The effects of colonialism live on in every community it ever affected. These effects do not simply drown out over a few years, how the British reset the mentality of our ancestors remained attached to us through generations, many of us unaware that the actions of people long dead subtly control our thought processes every day. This may seem far fetched to some, but one can easily observe how age-old ideals survive almost infinitely.
To this day, there is tension between Hindus and Muslims, a statement that could have been made more than 100 years ago. Still, many white Brits see India as a country populated by people of lower intellect. Even now, the idea of success in an Indian person’s mind is likely to be defined by a white man.
The British set themselves as the peak of the class system, looking down on the Indian people who were made to believe they were lesser. They turned communities against each other, using religion as the knife to bisect the nation, thus establishing a generation of Indians programmed by the British. As this programming morphs through generations, and South Asians migrate more and more to white-dominated nations, the desire to feel accepted and to make it known that you belong in what is perceived as a higher class of society becomes prominent.

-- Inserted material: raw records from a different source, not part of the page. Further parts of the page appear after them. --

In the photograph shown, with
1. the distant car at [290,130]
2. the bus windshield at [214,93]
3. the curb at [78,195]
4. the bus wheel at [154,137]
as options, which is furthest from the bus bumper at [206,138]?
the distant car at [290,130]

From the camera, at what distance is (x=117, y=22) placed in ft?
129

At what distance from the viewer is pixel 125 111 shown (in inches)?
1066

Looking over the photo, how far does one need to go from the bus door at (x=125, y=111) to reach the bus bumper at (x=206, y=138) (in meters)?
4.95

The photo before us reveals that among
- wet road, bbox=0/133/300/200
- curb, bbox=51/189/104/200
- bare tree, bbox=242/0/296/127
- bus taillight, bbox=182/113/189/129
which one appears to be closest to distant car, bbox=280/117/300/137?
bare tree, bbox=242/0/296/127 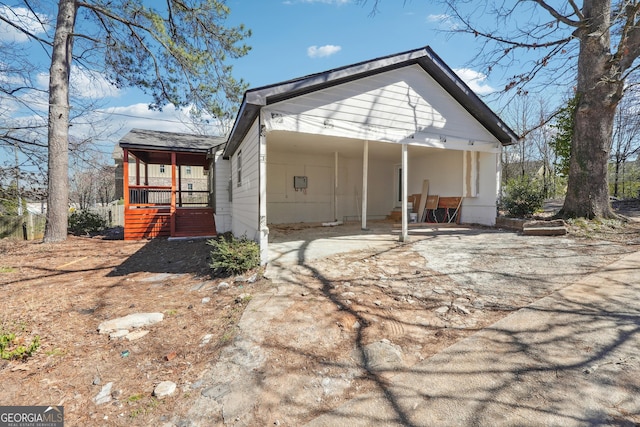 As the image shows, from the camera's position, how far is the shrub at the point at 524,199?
27.3ft

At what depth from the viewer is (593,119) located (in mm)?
6980

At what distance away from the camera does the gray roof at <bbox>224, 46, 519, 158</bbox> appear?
5.19 metres

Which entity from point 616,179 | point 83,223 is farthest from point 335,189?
point 616,179

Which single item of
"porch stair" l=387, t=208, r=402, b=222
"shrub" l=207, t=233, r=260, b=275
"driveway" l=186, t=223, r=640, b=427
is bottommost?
"driveway" l=186, t=223, r=640, b=427

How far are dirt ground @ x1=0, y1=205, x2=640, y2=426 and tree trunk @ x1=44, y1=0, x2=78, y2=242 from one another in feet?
15.8

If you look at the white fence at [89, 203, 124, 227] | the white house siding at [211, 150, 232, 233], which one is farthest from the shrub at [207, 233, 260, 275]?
the white fence at [89, 203, 124, 227]


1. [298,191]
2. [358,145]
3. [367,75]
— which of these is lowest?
[298,191]

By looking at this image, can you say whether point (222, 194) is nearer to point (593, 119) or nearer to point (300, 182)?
point (300, 182)

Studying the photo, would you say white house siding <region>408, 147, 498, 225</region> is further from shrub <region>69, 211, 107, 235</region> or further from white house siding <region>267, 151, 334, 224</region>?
shrub <region>69, 211, 107, 235</region>

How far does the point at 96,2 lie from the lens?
34.9ft

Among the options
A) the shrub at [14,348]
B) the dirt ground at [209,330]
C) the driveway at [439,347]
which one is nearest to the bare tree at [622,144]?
the dirt ground at [209,330]

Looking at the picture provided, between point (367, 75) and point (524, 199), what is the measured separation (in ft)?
19.0

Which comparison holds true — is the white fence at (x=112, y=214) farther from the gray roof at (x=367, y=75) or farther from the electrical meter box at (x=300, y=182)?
the electrical meter box at (x=300, y=182)

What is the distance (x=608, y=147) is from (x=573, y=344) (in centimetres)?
716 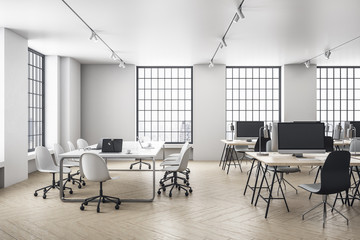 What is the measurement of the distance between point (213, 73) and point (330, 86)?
4109 mm

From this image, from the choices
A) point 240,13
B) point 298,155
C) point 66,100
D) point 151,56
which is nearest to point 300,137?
point 298,155

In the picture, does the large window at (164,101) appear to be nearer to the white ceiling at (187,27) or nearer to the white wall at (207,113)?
the white wall at (207,113)

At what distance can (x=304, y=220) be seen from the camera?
4.02 metres

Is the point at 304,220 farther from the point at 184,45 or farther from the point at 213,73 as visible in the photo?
the point at 213,73

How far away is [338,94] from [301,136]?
7179 millimetres

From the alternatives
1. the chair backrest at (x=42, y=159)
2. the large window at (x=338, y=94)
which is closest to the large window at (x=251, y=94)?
the large window at (x=338, y=94)

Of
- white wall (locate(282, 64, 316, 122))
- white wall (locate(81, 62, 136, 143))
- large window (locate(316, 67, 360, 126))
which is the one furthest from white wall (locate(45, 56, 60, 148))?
large window (locate(316, 67, 360, 126))

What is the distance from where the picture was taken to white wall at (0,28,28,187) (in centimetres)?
609

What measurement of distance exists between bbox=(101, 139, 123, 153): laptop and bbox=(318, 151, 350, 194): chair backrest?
120 inches

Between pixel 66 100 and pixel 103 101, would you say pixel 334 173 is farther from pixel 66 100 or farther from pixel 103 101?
pixel 103 101

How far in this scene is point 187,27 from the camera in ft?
20.3

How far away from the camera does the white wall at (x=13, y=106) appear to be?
6094 mm

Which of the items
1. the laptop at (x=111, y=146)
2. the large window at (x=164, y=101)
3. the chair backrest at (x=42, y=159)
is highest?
the large window at (x=164, y=101)

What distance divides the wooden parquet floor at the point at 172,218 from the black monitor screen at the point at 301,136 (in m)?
0.89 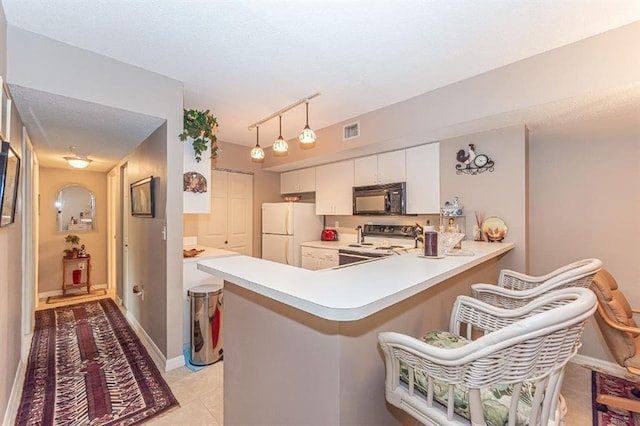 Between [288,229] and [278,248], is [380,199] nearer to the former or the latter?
[288,229]

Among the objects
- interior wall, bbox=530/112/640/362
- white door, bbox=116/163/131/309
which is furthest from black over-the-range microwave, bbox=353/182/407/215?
white door, bbox=116/163/131/309

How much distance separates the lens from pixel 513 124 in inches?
102

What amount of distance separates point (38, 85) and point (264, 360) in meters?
2.28

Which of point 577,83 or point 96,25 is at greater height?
point 96,25

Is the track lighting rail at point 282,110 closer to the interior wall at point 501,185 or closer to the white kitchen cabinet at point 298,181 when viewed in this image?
the white kitchen cabinet at point 298,181

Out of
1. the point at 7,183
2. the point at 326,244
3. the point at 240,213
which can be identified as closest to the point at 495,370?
the point at 7,183

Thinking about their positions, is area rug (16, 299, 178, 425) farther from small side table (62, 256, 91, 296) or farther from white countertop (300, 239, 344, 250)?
white countertop (300, 239, 344, 250)

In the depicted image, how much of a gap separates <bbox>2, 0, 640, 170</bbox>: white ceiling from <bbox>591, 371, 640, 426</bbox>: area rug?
259 centimetres

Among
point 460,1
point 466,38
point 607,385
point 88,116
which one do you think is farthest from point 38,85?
point 607,385

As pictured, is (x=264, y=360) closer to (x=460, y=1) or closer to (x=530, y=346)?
(x=530, y=346)

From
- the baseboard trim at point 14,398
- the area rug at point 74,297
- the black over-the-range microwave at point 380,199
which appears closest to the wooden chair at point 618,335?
the black over-the-range microwave at point 380,199

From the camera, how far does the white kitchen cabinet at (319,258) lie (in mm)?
4023

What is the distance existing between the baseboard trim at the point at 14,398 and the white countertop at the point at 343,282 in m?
1.73

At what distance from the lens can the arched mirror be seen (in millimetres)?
4699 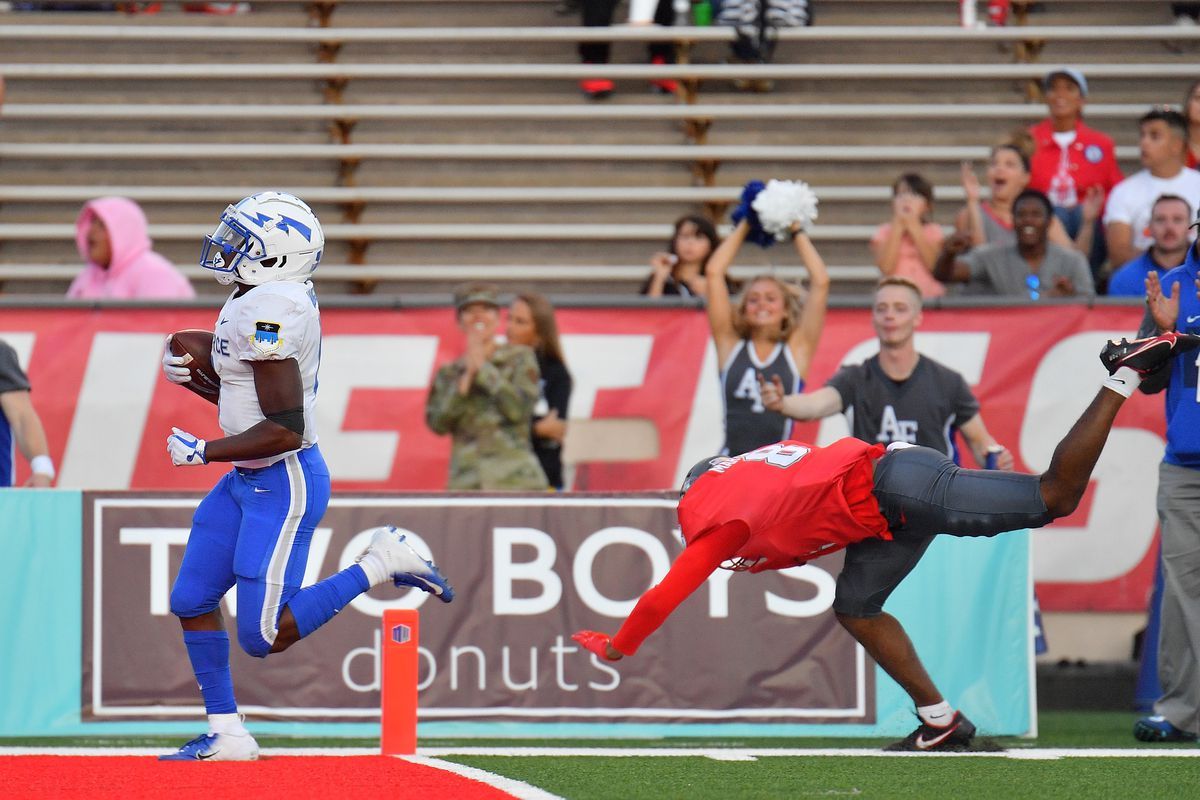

[Read related: The Colonial Eye: As The British Saw and Described Indians]
Your societal reputation is what defines so many South Asians in the west, the effects of which can hurt so many people around them. How many times have we heard stories of children forced into careers by their parents, or have we been the kids made to be doctors and dentists just because they are considered acceptable, money-making, intellectual fields? This individualistic thinking could be a symptom of the selfishness prescribed to the “crabs in a barrel” mentality.
When distaste for the next person is combined with an innate desire to be accepted by those whom you placed as the benchmark for success, the people around you suffer. Understanding the possible causes of the obsession with a reputation in the South Asian community has enabled me to make a conscious effort to reduce the control my ego has over me, and understand why it has such a bearing on the lives of others. I hope, as South Asians, we can strengthen our sense of community in the coming years and seeing a step up the social ladder as an opportunity to bring others with you, rather than a chance to feed your ego.